This quote, ostensibly spoken by the character playing Harper Lee in the film “Infamous,” made the rounds on a few writer listservs last week, generating a bit of discussion:

“America is not a country where the small gesture goes noticed. We’re not a country like France where charm, something light or effervescent can survive. We want everything you have and we want it as fast as you can turn it out. I read in an interview with Frank Sinatra, which he said about Judy Garland. ‘Every time she sings she dies a little.’ It’s true for writers, too, who hope to create something lasting. They die a little getting it right. And the book comes out and there’s a dinner. Maybe they give you a prize and then comes the inevitable and very American question: “What’s next?” But the next thing can be so hard because now you know what it demands.”

The small gesture means much, even if it’s not at the forefront of the American mindset. To those who cherish nature, it’s nearly everything.
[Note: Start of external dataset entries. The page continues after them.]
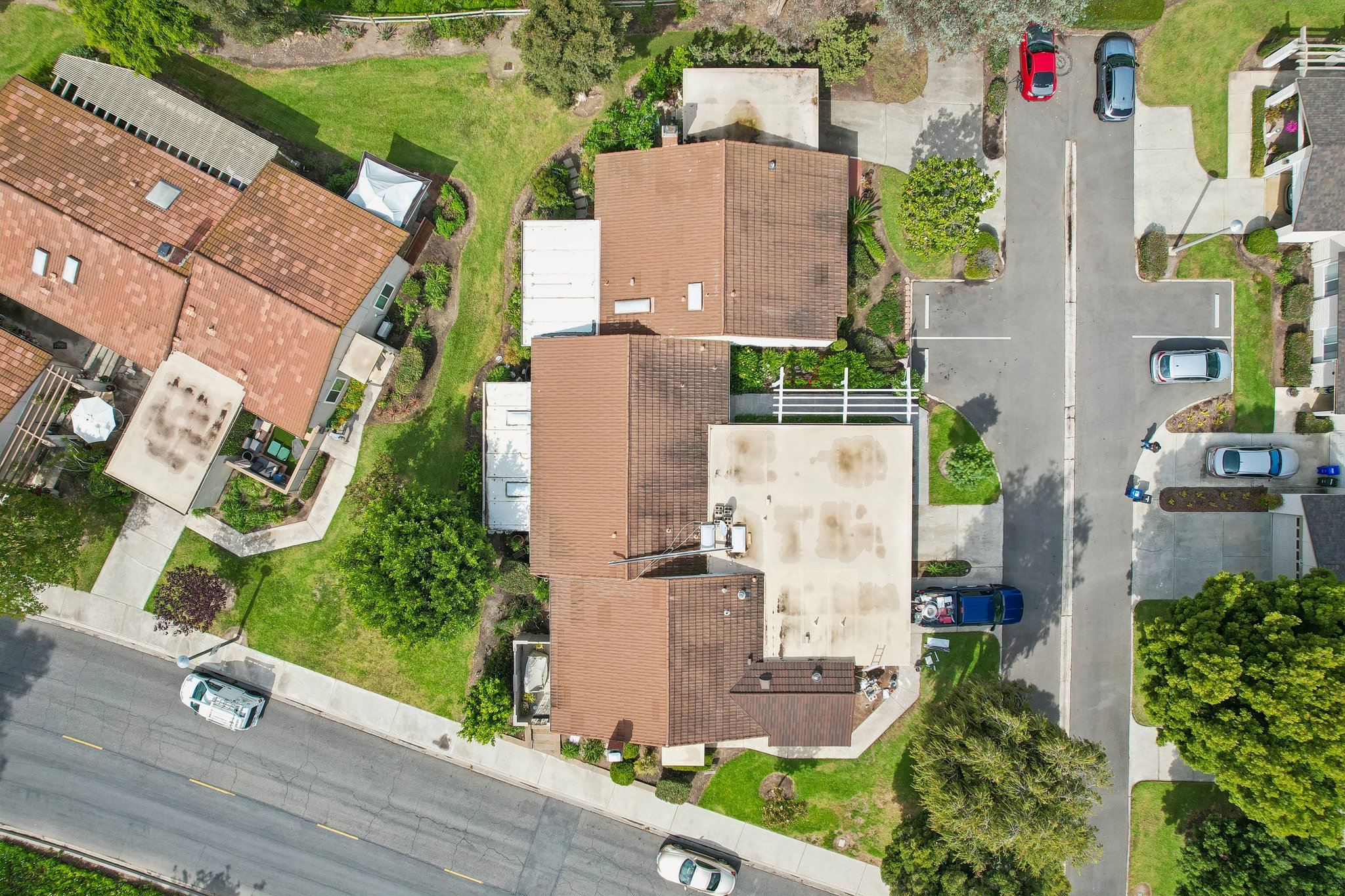 San Amadeo B-S2304-040.jpg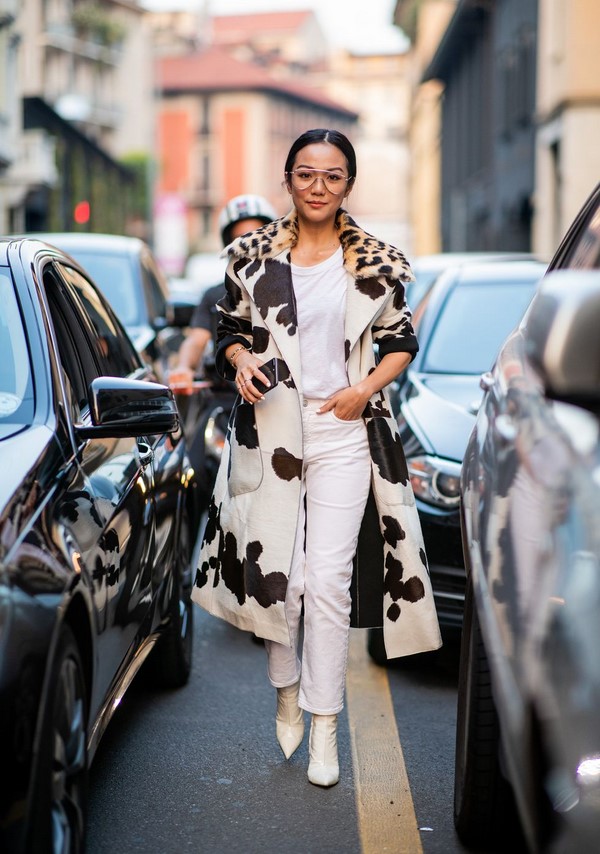 Тренды пальто на весну 2026: модные модели и новинки на фото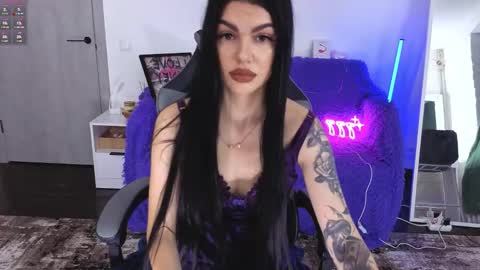Monika online show from 12/02/25, 07:47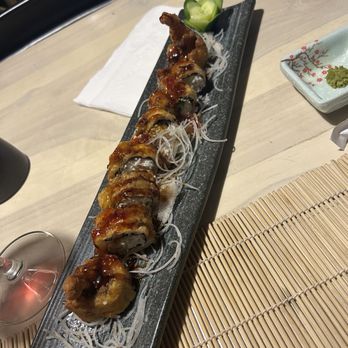 Lit Sushi - Golden Shrimp Tempura Roll - Sushi Bars Near Me - North Hollywood, California Lit Sushi - Golden Shrimp Tempura Roll - Sushi Bars Near Me - North Hollywood, California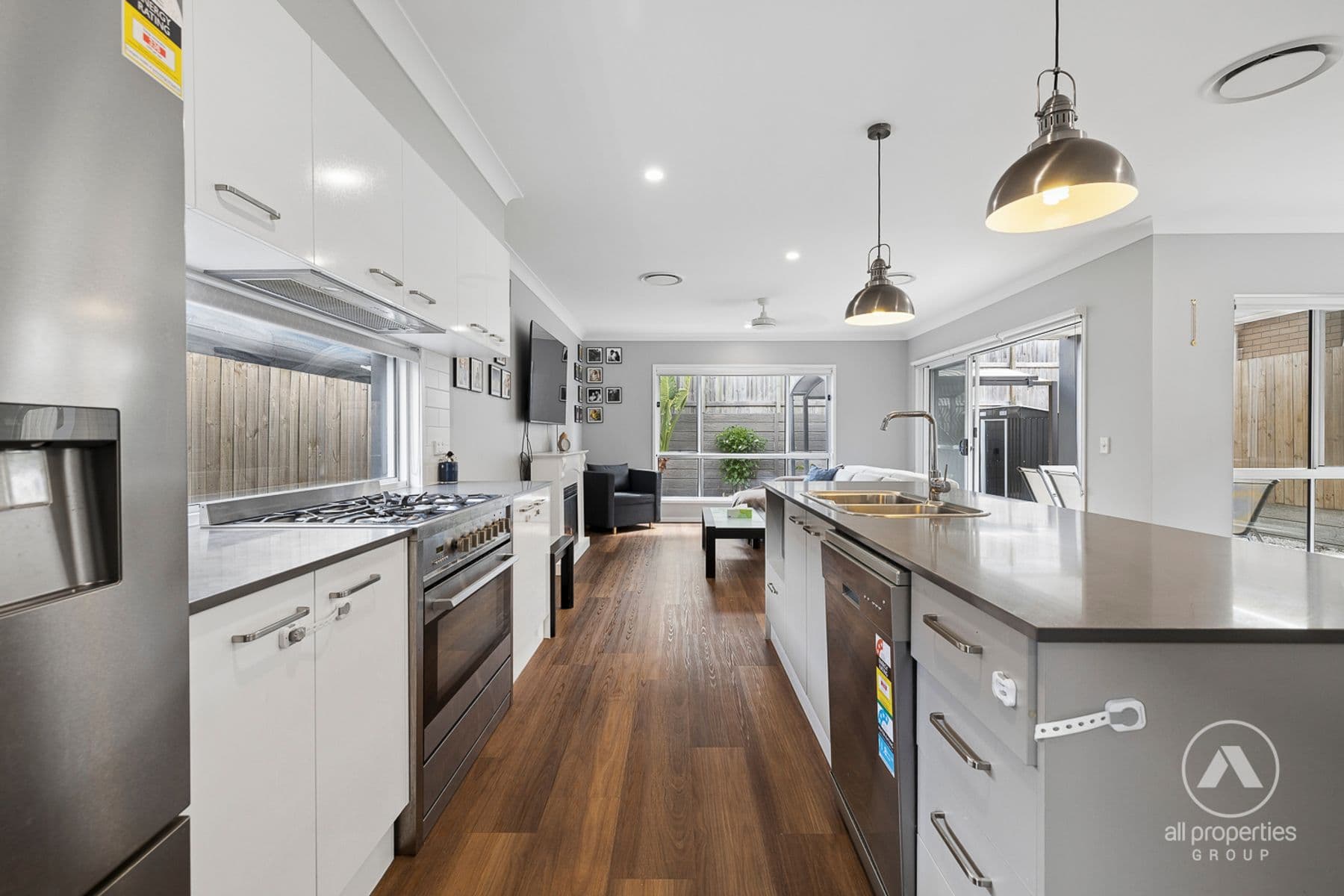 3 Leaf Street, Greenbank QLD 4124, Greenbank - Thumbnail 8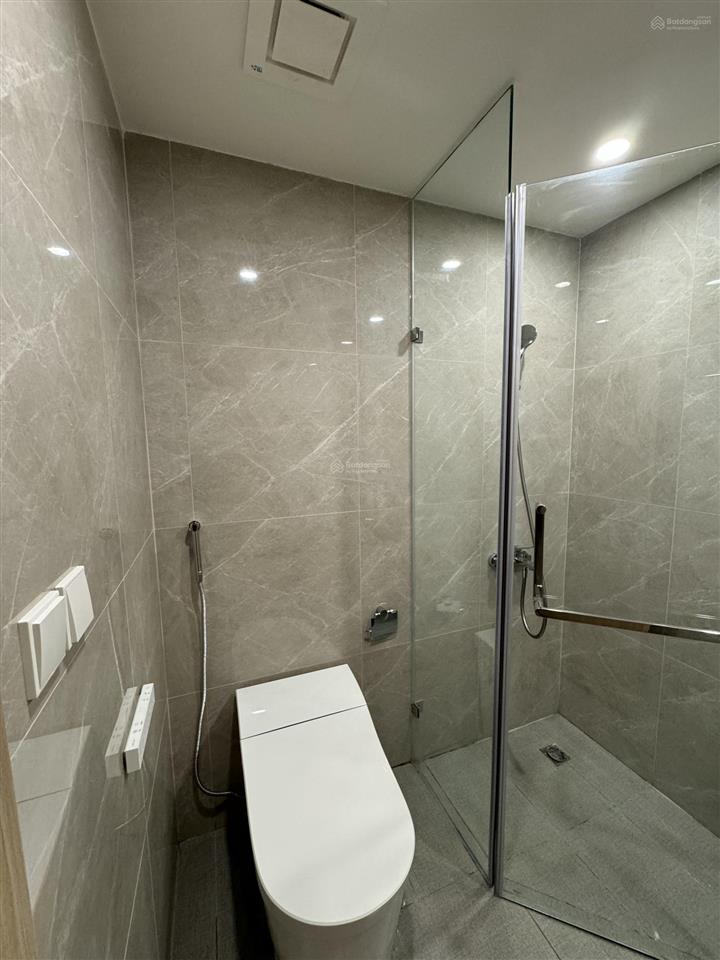 Chính chủ bán căn 2pn 1wc lbv view sông, full nt cao cấp, sẵn sổ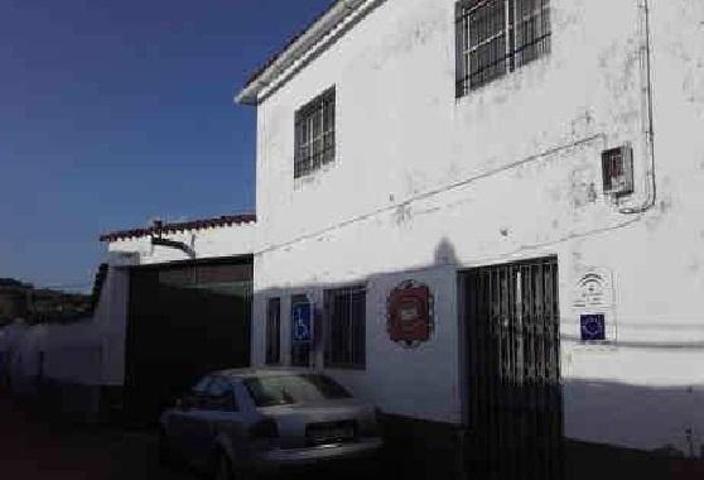 Nave industrial en venta en Cala, Cala photo 0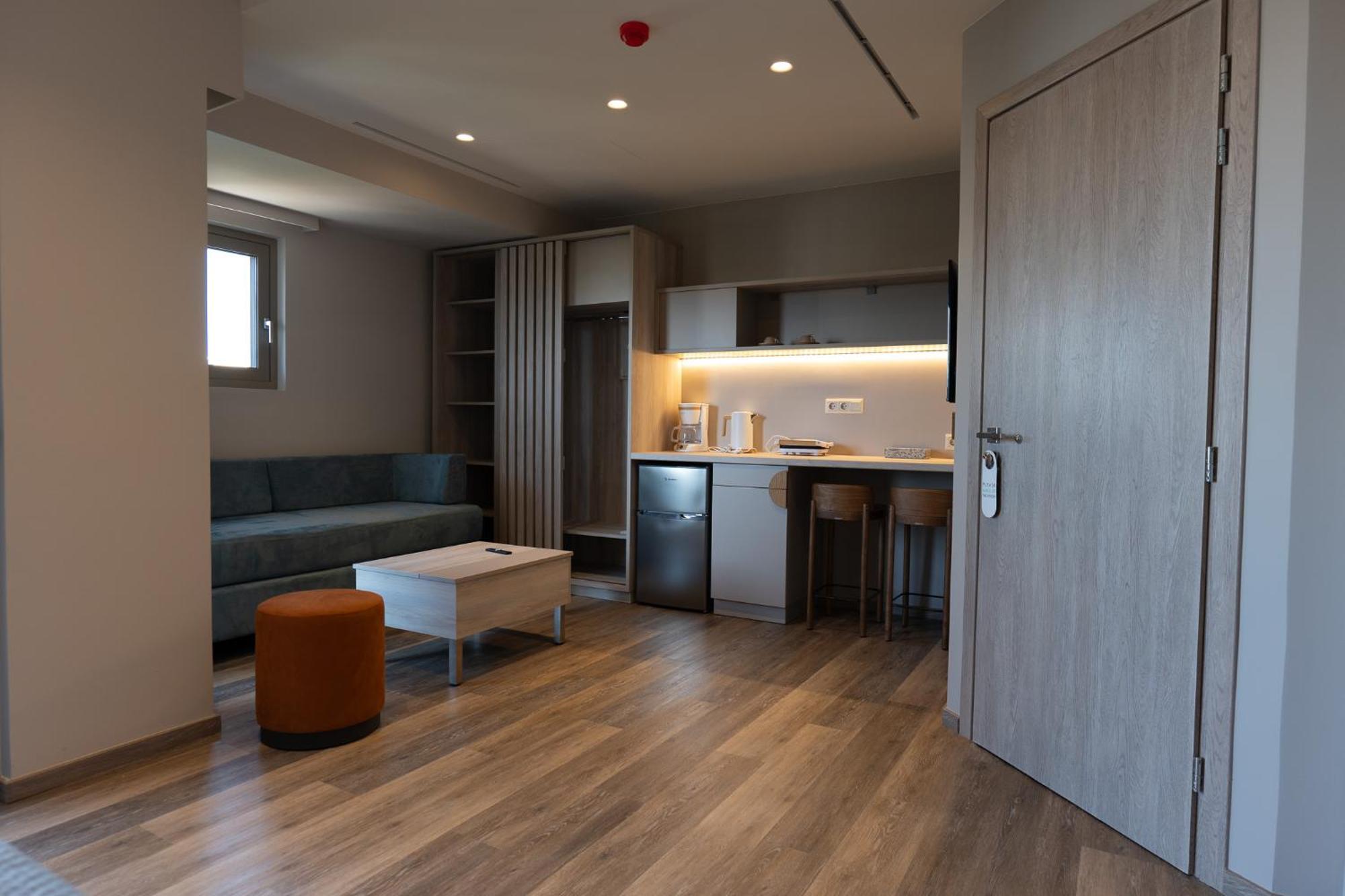 Wellnest Hotel Афіни Екстер'єр фото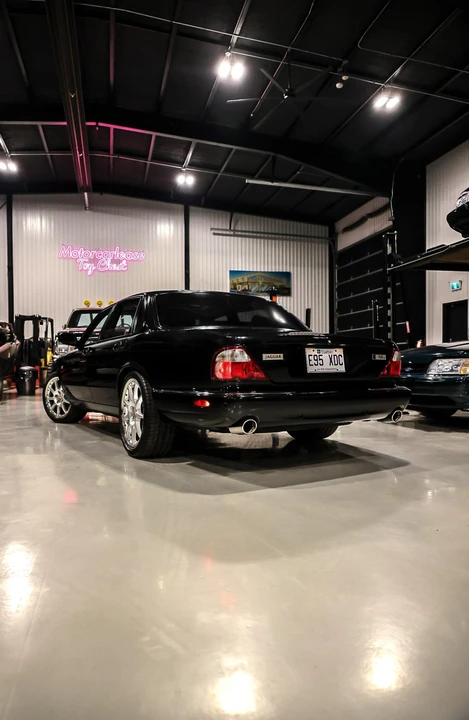 2002 Jaguar X308 XJR - Image 7 of 31
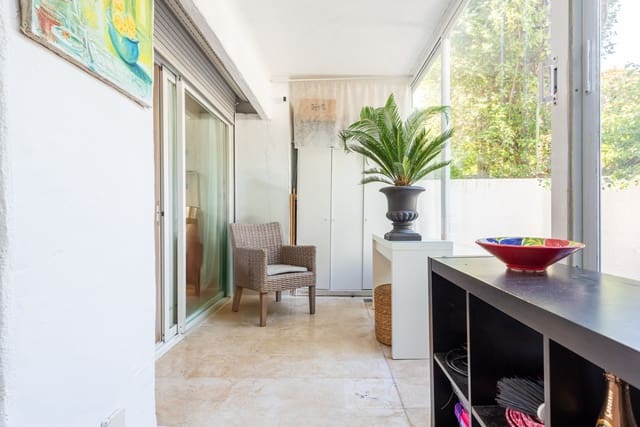 Apartamento de 2 habitaciones en Río Real, Marbella en venta con piscina - 445.000 € (Ref: 9972699)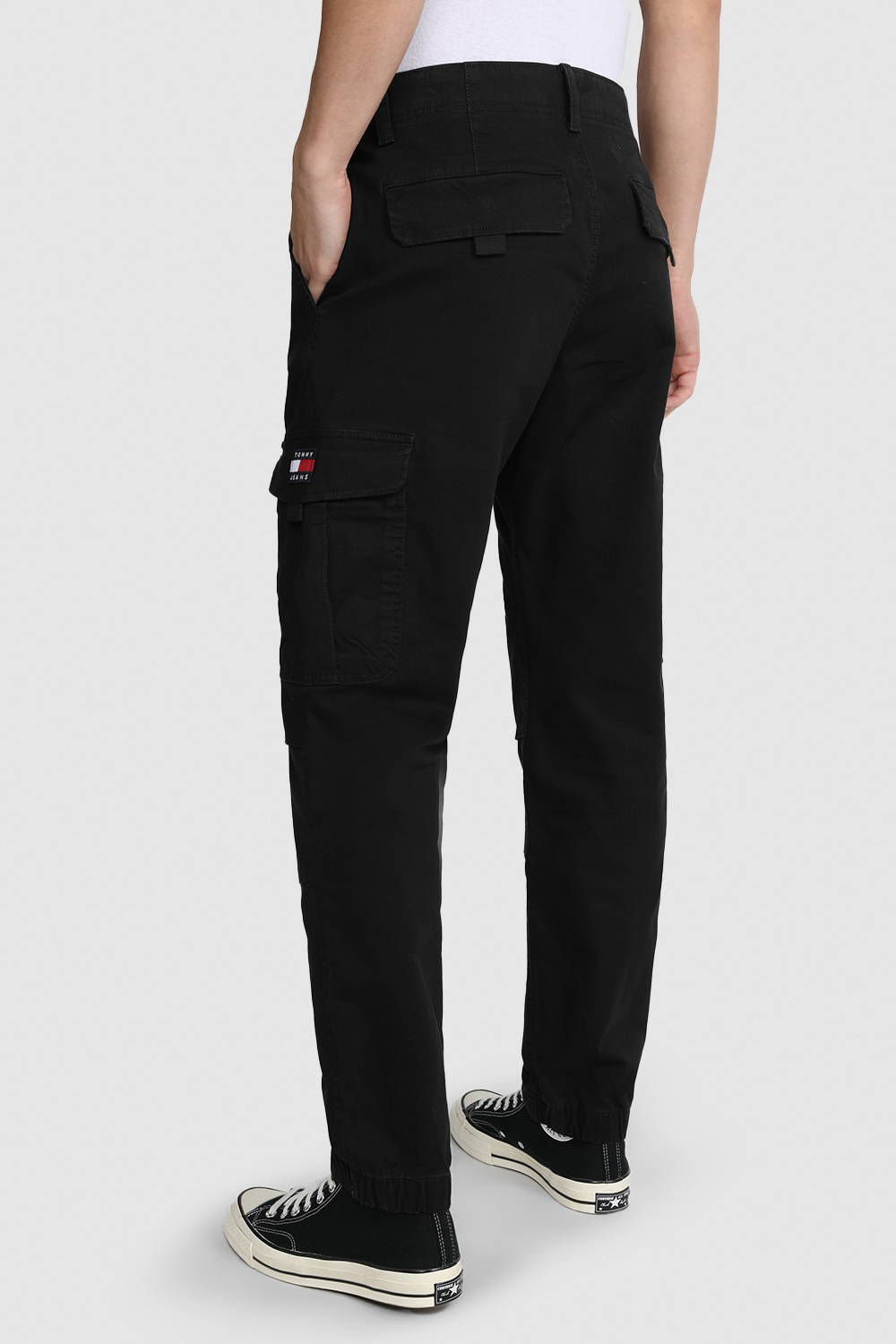 תמונת דוגמן אחורית של מכנסי קרגו מכותנה אורגנית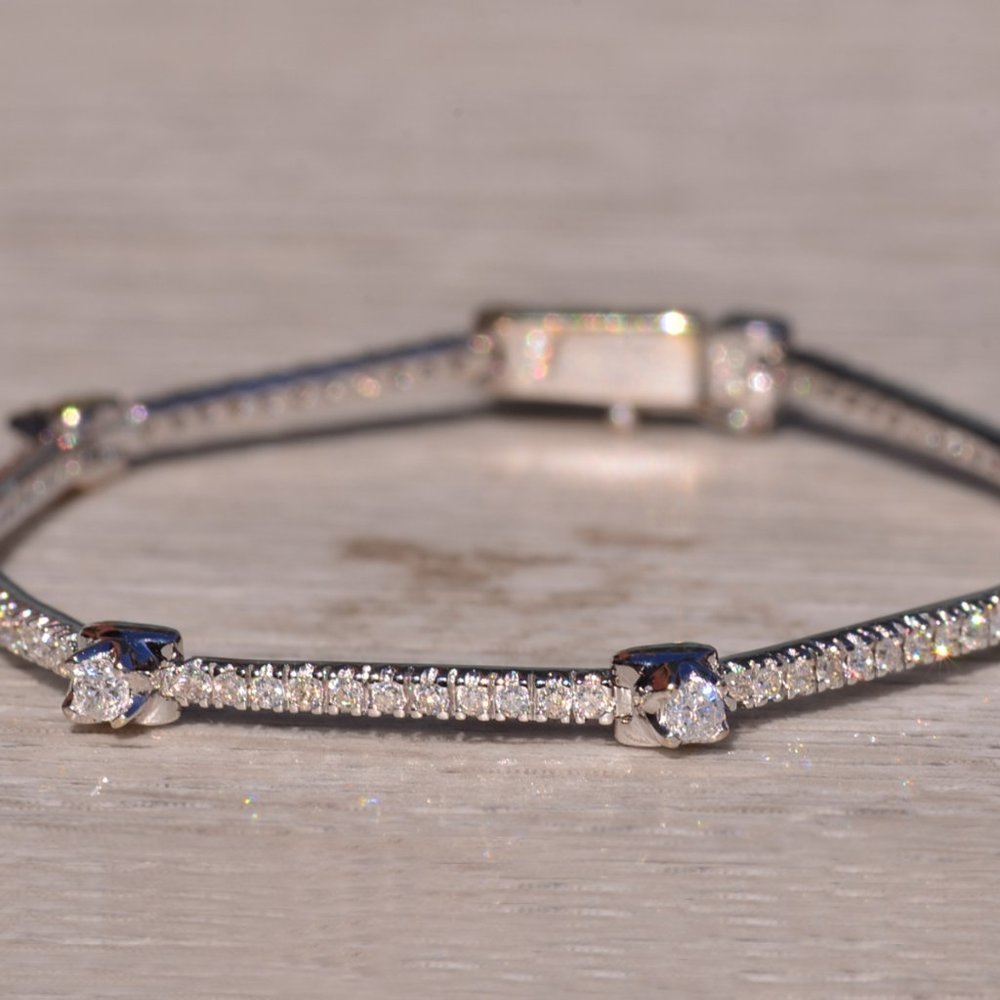 White Gold Station Diamond Bracelet with Natural Diamonds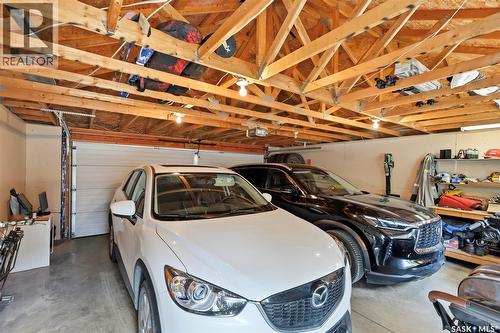 217 Isabella Street E, Saskatoon, SK - Indoor Photo Showing Garage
Alaska, like so many places, is a paradoxical mix of those who covet the small gesture and those who could care less. I like to think there are more of us small-gesture types, but that might be wishful thinking

Writers do die a little getting it right, not only wielding the broad brush of truth but dabbing their creations with the small gestures that encompass it. If we seek recognition – lasting recognition – then we may as well die all at once and get it over with. We know what this task demands, and we do it anyway. Not because someone asks “what’s next?” but because we cannot contain our passion for beauty and truth and the sheer joy of creation.